*Try it*: Pull every line holding the word "Hose" from the data below and copy it.

BEGIN Record set

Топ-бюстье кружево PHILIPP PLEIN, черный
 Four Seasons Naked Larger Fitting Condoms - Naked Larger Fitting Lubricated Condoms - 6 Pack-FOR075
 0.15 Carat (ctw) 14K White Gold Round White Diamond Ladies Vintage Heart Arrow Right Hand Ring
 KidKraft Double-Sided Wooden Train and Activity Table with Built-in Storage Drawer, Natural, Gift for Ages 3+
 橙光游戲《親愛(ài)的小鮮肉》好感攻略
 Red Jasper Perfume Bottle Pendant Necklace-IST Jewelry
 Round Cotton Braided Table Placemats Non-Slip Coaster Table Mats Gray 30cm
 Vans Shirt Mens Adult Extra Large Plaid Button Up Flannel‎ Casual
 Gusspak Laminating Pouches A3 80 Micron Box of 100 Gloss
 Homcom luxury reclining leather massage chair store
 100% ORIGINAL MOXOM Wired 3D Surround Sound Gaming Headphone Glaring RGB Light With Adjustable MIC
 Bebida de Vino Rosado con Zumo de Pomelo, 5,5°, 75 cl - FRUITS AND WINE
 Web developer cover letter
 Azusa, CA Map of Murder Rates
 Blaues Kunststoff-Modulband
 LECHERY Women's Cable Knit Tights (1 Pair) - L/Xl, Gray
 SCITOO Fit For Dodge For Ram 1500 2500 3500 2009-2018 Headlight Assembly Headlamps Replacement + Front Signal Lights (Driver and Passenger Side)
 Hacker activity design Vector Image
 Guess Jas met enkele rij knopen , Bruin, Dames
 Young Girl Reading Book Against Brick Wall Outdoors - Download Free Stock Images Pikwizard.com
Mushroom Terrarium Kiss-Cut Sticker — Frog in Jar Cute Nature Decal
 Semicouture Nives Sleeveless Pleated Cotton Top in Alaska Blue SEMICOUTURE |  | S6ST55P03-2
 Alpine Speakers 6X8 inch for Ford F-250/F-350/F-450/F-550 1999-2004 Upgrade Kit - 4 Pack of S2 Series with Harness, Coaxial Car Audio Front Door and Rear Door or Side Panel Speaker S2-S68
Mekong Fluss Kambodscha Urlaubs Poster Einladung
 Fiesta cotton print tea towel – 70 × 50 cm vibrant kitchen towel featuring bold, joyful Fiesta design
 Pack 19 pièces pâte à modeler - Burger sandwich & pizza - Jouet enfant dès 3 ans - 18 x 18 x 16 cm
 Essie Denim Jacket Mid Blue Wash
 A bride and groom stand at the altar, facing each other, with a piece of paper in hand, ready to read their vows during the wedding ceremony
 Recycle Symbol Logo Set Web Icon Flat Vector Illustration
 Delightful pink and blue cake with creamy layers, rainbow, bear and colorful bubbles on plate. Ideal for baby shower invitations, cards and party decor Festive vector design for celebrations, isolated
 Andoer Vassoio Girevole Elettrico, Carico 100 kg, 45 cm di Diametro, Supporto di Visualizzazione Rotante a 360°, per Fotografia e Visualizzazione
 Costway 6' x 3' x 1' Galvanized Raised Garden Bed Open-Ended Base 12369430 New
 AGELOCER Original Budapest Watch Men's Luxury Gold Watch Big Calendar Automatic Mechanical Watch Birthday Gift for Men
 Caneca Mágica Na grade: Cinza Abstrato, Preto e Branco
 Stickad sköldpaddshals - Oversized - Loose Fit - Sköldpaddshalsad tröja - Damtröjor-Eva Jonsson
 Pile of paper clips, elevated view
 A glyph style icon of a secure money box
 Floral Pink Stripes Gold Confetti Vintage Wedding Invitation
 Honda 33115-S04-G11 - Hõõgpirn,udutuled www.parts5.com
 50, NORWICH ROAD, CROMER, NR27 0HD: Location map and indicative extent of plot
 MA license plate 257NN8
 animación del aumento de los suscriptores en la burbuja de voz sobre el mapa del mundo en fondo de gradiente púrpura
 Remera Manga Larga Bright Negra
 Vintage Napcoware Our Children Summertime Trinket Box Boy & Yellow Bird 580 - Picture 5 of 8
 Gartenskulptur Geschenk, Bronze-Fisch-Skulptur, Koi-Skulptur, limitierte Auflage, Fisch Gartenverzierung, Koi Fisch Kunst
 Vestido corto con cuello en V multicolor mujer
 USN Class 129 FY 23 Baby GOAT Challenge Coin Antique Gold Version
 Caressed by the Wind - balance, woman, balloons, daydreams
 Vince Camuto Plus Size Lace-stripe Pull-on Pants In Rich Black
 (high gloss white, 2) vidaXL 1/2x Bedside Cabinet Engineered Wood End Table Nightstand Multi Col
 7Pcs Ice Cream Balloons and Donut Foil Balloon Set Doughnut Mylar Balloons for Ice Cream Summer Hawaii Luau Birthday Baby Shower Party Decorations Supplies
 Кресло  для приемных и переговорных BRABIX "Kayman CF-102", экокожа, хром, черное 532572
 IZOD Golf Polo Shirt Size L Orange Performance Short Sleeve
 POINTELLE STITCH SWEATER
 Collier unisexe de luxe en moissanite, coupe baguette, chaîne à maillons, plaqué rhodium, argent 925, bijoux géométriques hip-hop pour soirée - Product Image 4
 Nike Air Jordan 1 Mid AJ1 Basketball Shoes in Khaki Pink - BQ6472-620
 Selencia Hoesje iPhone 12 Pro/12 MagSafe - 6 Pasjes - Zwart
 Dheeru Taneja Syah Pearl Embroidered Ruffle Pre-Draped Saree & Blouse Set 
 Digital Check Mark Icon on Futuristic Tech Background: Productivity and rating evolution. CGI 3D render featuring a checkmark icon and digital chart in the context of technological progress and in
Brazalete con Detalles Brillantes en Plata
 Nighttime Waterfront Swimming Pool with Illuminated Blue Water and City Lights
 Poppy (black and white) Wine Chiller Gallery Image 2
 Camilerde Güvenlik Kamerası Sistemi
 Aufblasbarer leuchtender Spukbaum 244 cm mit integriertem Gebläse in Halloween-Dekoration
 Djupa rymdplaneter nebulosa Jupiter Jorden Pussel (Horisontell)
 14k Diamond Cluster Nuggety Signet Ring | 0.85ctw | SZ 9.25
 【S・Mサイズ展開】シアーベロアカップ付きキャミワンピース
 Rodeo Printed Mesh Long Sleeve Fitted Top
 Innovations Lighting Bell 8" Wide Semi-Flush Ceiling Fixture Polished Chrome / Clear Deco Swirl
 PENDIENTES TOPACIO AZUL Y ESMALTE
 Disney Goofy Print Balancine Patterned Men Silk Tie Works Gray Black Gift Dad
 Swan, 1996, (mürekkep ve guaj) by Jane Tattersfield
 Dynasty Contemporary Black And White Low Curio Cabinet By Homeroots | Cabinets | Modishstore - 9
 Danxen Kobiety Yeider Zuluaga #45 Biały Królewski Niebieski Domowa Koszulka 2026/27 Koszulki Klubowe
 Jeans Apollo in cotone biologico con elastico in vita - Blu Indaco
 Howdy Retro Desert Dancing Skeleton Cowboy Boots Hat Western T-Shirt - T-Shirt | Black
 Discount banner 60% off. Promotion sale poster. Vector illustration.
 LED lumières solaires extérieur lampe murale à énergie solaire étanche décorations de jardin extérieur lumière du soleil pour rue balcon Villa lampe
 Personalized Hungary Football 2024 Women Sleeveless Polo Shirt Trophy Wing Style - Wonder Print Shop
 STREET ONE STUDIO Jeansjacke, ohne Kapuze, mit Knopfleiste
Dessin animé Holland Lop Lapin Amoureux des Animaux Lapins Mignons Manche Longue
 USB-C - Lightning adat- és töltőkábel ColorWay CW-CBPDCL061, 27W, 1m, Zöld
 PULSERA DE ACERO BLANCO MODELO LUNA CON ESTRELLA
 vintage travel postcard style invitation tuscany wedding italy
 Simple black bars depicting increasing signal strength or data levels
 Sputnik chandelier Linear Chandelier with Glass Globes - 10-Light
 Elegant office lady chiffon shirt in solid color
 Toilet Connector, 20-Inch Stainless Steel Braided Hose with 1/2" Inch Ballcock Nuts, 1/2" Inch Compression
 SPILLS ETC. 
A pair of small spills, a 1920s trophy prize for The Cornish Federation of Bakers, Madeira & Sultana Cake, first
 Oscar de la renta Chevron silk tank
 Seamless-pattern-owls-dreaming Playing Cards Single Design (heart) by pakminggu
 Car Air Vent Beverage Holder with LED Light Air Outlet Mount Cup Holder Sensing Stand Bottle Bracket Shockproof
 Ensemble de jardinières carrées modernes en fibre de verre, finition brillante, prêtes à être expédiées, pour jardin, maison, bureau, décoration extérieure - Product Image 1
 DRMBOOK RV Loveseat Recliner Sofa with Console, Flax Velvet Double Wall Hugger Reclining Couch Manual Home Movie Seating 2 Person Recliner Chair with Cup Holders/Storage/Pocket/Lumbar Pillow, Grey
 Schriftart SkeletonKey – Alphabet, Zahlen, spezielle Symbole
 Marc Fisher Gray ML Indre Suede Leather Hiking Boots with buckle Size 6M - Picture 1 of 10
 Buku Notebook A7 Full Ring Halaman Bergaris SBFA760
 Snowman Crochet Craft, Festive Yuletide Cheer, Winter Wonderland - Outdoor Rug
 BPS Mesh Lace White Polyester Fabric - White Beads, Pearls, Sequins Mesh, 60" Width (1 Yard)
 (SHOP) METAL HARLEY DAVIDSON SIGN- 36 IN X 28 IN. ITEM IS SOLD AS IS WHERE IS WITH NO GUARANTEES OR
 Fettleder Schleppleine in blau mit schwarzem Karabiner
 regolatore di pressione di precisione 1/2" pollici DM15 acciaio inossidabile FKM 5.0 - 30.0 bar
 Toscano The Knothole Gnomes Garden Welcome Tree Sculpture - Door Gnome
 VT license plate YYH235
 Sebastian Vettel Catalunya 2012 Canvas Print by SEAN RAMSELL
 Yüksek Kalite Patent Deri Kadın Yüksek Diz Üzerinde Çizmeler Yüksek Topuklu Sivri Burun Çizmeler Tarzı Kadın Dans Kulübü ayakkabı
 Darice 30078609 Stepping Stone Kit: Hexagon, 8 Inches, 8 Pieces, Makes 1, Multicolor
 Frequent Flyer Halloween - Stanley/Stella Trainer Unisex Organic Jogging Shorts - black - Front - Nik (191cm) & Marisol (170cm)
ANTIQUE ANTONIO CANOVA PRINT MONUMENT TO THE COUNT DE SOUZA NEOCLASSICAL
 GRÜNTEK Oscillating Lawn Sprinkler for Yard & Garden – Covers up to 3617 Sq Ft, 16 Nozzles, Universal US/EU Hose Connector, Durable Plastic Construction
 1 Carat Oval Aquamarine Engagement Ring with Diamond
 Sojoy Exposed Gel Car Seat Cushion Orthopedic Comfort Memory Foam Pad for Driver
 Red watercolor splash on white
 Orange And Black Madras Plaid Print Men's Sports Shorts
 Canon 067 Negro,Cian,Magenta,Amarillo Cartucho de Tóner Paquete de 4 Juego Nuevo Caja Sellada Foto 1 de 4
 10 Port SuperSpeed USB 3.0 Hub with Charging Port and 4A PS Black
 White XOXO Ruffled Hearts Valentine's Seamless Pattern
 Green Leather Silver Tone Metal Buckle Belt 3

END Record set

*Written response*:
 Toilet Connector, 20-Inch Stainless Steel Braided Hose with 1/2" Inch Ballcock Nuts, 1/2" Inch Compression
 GRÜNTEK Oscillating Lawn Sprinkler for Yard & Garden – Covers up to 3617 Sq Ft, 16 Nozzles, Universal US/EU Hose Connector, Durable Plastic Construction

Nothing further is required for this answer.